By Laura Maxson, LM
Resolving an unexpected dip in an established milk supply includes recognizing frequency days, decreasing pacifier use, increasing nighttime nursing opportunities, and possibly temporary breast pump use to help build the supply..
Once breastfeeding is established, most parents breathe a big sigh of relief. Got this! Then one day, the baby is suddenly inconsolable and wants to nurse all day and all night, too. A quick check for anything obviously wrong most often finds no fever or symptoms other than a baby who wants to be at the breast constantly.
Before hitting the panic button (is it colic, reflux?), it’s good to remember the supply and demand basics of milk production. Milk supply is based on milk removal. Baby is diligently doing its part to create more milk by putting in extra sucking time. Continuing to nurse on a seemingly empty breast signals the body to make more milk.

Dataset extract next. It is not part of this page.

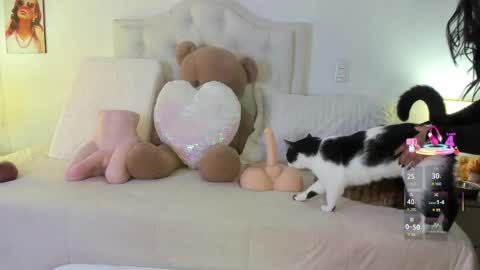 michellHi guys Ill be away from CB for a couple of months I hope to be back by then I love you so muchig yourlilo24 online show from March 26, 5:42 am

Parents unaware of what a growth spurt might look like might respond by troubleshooting the fussy baby instead of the milk supply. A tired, frustrated parent may reach for a pacifier and some extra soothing techniques instead of one more nursing session. Babies generally respond well to this, but at what price? A pacifier or a handy pinky finger, often used to calm a fussy baby, can short circuit the “make more milk” message the baby is trying to send. If the majority of extra sucking isn’t at the breast, the milk supply will slowly diminish, fussiness increases, and this can be the beginning of the end of breastfeeding for many.

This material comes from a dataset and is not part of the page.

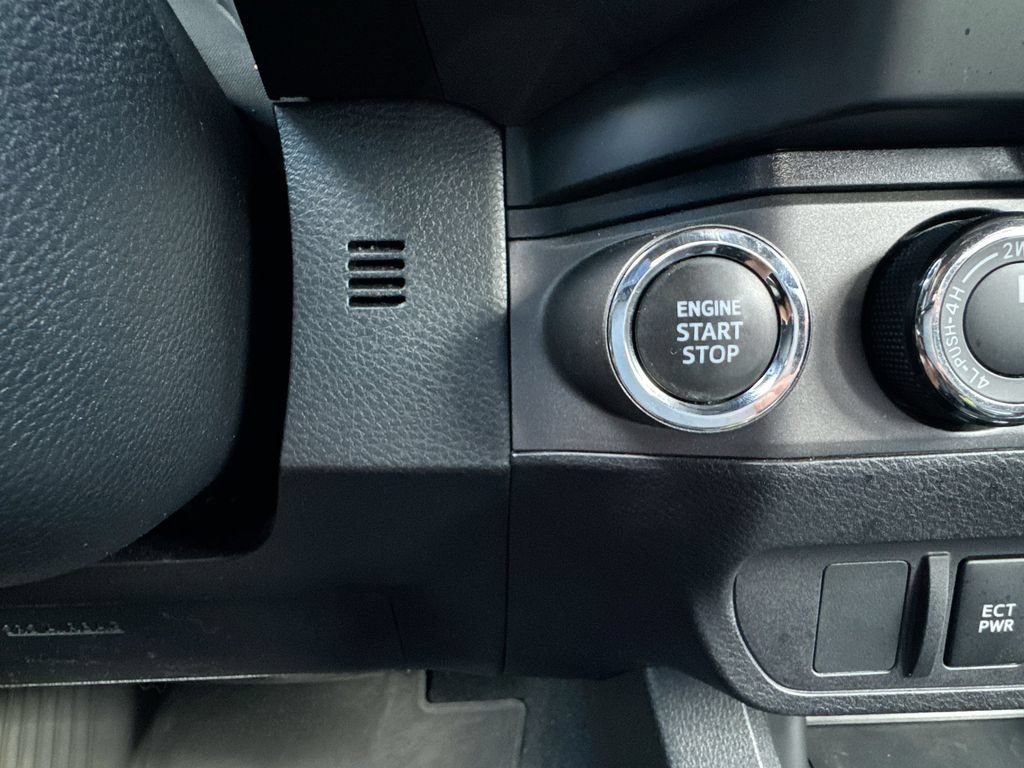 Used 2023 Toyota Tacoma TRD Off-Road AWD/4WD image 22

These growth spurts or “frequency days” are common, often beginning in the first week, then occurring every week or two for the first few months, and randomly every few weeks to months after that. A lactation specialist can be vital in resolving sucking or positioning issues that might interfere with milk removal in the early days. Generally, as long as baby can get those extra feeds in, a normal milk supply will catch up with baby’s increased demand within a day or two.
As baby gets older, a series of neglected frequency days can be a cause for an unexpected dip in supply. Older babies can become easily distracted and cut nursing sessions too short. Those learning to roll over or crawl can get so busy practicing, they forget to nurse much during the day at all. When coupled with “sleep training” techniques that limit nighttime nursing, it’s easy to see how an established milk supply can suddenly tank.
Resolving an unexpected dip in an established milk supply includes recognizing frequency days, decreasing pacifier use, increasing nighttime nursing opportunities, and possibly temporary breast pump use to help build the supply. However, a baby who is not gaining well is often simply prescribed supplementation with an ounce or two of formula after each feeding without an accompanying plan to find the root cause and increase the milk supply. With no effort to build up the milk production, supplements will slowly increase as the milk supply decreases.
It can be devastating to not be able to provide baby with a full milk supply. Unfortunately, not everyone’s experiences fit the typical cause-and-effect situations mentioned above, and there are many more complicated reasons for a dip in milk supply that doesn’t recover. After weeks or months of trying everything, it becomes clear in hindsight that the milk supply is not responding. There are many different ways parents ride this out. Some will simply switch gears and move to formula.
Others may continue feeding the baby at the breast using a nursing supplementer to provide formula or pumped/donated milk at the breast. Some babies are happy to feed at the breast and be topped off with a bottle, where other babies will opt to stop at the breast but happily take any amount of pumped milk from a bottle. There are lots of ways to feed a baby; finding the solution that works for each family is the goal.
Understanding the ins and outs of breastfeeding takes time and exposure to others who are nursing. Taking a class before baby arrives is helpful, but continuing to learn, observe, and share about breastfeeding is vital to success. This has been hard to do during the pandemic but opportunities for support are opening up with more virtual and in-person availability.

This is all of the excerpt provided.